Je tâchais de communiquer mon enthousiasme à Jennie.

— Toi qui sais tout, lui disais-je, parce que tu sais tout voir, comment ne m’as-tu pas encore dit qu’il y avait sous le ciel des pays si beaux, qu’il suffisait d’y être pour s’y trouver bien, même avec l’isolement et la misère ?

— Si c’est là ce que vous pensez, me répondait-elle, tout est bien, car c’est ce que je pense aussi. Je ne vois rien de plus beau que ma Bretagne ; mais j’aime tout ce qui est beau, même autrement, et, d’ailleurs, quand vous admirez quelque chose, cela me le montre tout de suite comme il faut le voir. Mon père n’était pas un marin comme un autre ; tout pauvre homme sans grand savoir qu’il était, il aimait tant la mer qu’il en parlait avec des mots qui me faisaient ouvrir les yeux et les oreilles quand j’étais petite. C’est peut-être comme cela que j’ai appris à regarder et à écouter… Ne regardez pourtant pas trop ces belles montagnes-ci, me dit-elle, un jour que nous étions arrivées en marchant à un endroit si délicieux que je ne voulais plus rentrer dîner ; que savez-vous s’il ne vous faudra pas demeurer en plaine, ou dans une ville, ou dans quelque autre pays de montagnes aussi différent de celui-ci que celui-ci diffère de votre Provence ?

— Pourquoi ne demeurerais-je pas où il me plaira de demeurer ?

— Vous aurez un mari, Lucienne, il ne faut pas oublier cela, et vous avez beau être riche, il vous faudra bien faire la part de ses goûts, de ses occupations et de ses devoirs.

— Tu me ramènes toujours à l’idée du mariage, que j’ai tant de plaisir à oublier ! Pourquoi faut-il absolument que j’enchaîne ma liberté ? Voyons, dis-le une bonne fois, toi qui as l’humeur si peu matrimoniale pour ton compte !

— Pour vivre seule, Lucienne, il faut trop de courage. J’en avais beaucoup, et pourtant vous voyez… Quand du mariage il ne m’est resté qu’un enfant qui n’était pas à moi, cela a compté plus encore dans ma vie que le plaisir d’être libre et de faire ma volonté. Croyez-moi, on est femme, c’est pour aimer quelqu’un plus que soi-même, un mari s’il le mérite, et des enfants dans tous les cas.

— Ah ! tu sens cela, toi, ma Jennie ; mais, moi, je ne le sais pas. Je suis encore un enfant moi-même, et je ne connais que le besoin d’être aimée et gâtée comme tu me gâtes.

— C’est votre droit ; mais cela ne peut pas durer toujours. Vous sentirez bientôt le besoin d’un devoir, et soyez sûre que le plus doux chemin de la vie, c’est encore ce devoir-là.
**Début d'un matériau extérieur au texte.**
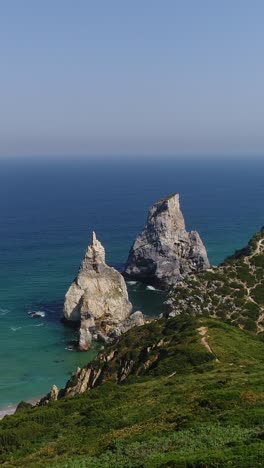 Luftaufnahme-Des-Strandes-Praia-Da-Ursa,-Portugal,-Vertikales-Video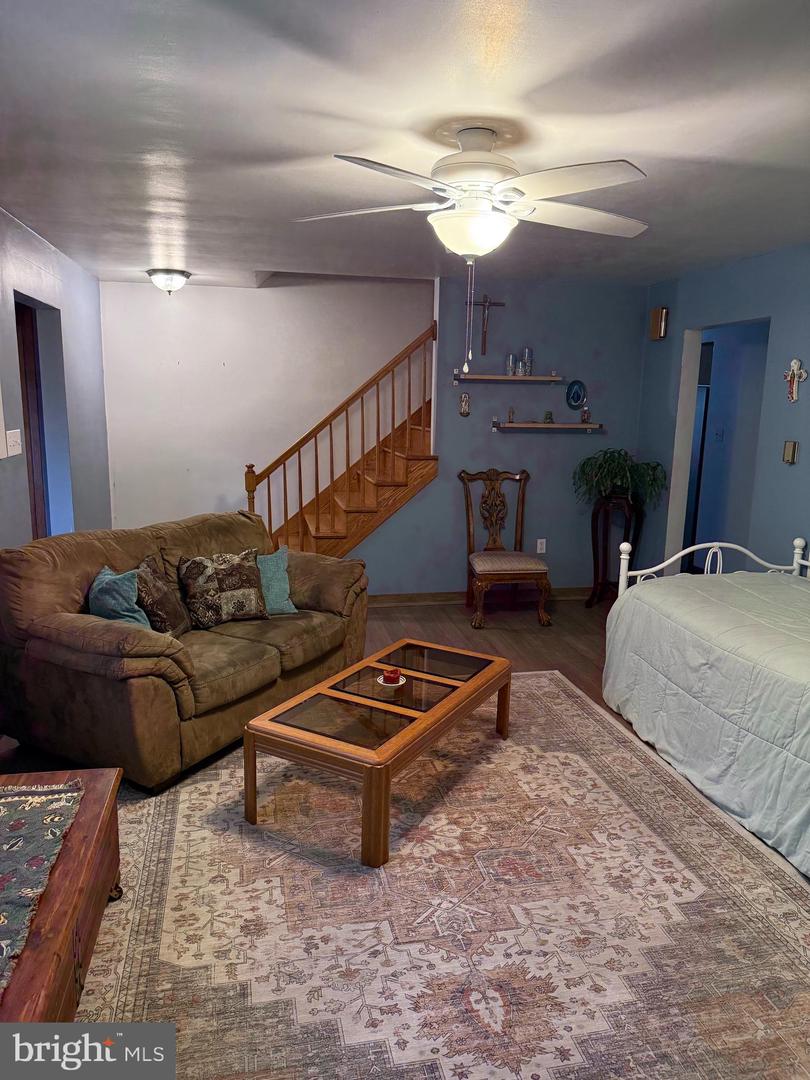 1217 Cameron Avenue Property Photo 11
— Pourquoi vouloir me donner cette idée, Jennie ? Tu es imprudente, contre ta coutume ! Il ne faut parler des joies de la maternité à une fille que quand elle a rencontré le mari qu’elle peut aimer.

— Je vous parle comme je fais, répondit Jennie, parce que, depuis quelque temps, vous avez l’air de jouer avec l’avenir et de ne pas vouloir y songer. Cela m’inquiète, moi, il est temps que je vous le dise. Vous ne me parlez pas assez de M. Mac-Allan, et pourtant vous lui avez sacrifié bien des choses, puisque c’est pour lui devoir tout devant Dieu que vous ne voulez lui rien devoir selon le monde. Pourquoi ne lui écrivez-vous pas ?

— Peut-être parce que je ne trouve rien à lui écrire.

— C’est peut-être mal. Cet homme-là vous aime.

— Mon Dieu ! répondis-je avec un peu d’humeur, je l’aimerai peut-être aussi. Donne-moi donc le temps. Sais-je ce que c’est que d’aimer ? Tu n’as jamais voulu me l’apprendre. Voyons, pourquoi ne m’as-tu jamais dit ce que c’était que l’amour ?

— Parce que vous n’étiez pas bien facile à marier. On doutait de vos droits à la succession ; cela date de loin. Vous étiez difficile aussi, vous, et les partis qui se présentaient ne vous convenaient pas. Ne vous voyant pas entraînée vers quelqu’un, j’aurais craint de vous pousser à l’impatience du mariage.

— Et maintenant, tu m’y pousses, je le vois bien ! Avoue donc que, pour ton compte aussi…

— Ah ! si vous croyez que je pense à moi, dit Jennie fâchée, ne parlons plus jamais de rien.

Je l’apaisai en l’embrassant, et je ne demandais qu’à parler d’autre chose. Je ne pouvais pas lui dire que j’étais sans ressources, et que, pour me décider à accepter les millions de Mac-Allan, il me fallait encore plus de temps que je n’en réclamais.